Postby heatseeker » Wed May 09, 2012 2:44 pm

Freon -
> Your idea about the siding contractor makes sense. Where the copper lines
> exit the house and all around the condenser unit look for a small oil
> stain. As R-22 leaks so does the lubricating oil. Also check any place
> where there is a connection. If no oil stain, run your hand under the
> connection to double check for an oily feel.
>
> If the leak is in the wall due to a errant nail, you have a pita problem.
> Do you know how the copper tubing runs from the condenser to the evaporator
> coil?
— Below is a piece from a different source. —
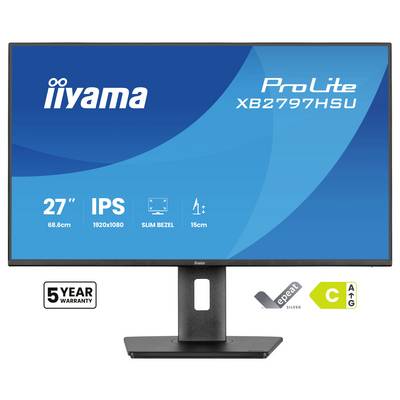 Monitor z modrim zaslonom, ki prikazuje "iiyama ProLite XB2797HSU." Značilnosti: 27" IPS, ločljivost 1920x1080, tanek rob, 5-letna garancija.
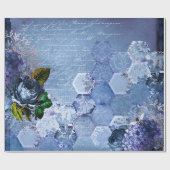 -Romantische blauwe-bijenbloemen Cadeaupapier (Vlak)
Since the system is totally empty you could pressurize it with CO2 at
> the service valve on the condenser unit and then close the service valves.
> If the pressure holds then the leak is in the condenser unit. If the
> pressure drops then it's in the copper tubing or the evaporator coil.
>
> You may need to cap the copper tubing at the evaporator coil and make sure
> the leak isn't in the copper tubing within the walls of the house. If it
> is, time to cut a hole in the wall. This is all work that you can do but
> you will a pressure gauge and a way to connect it to the service valve.
> There are inexpensive hoses at HVAC stores or maybe eBay that will attach
> to the service valve and gauge. Good luck.
Yea I can see him running out and buying some co2 and a regulator just to find a nail in the line.
You are right though if their is a hole in the line pita to find where.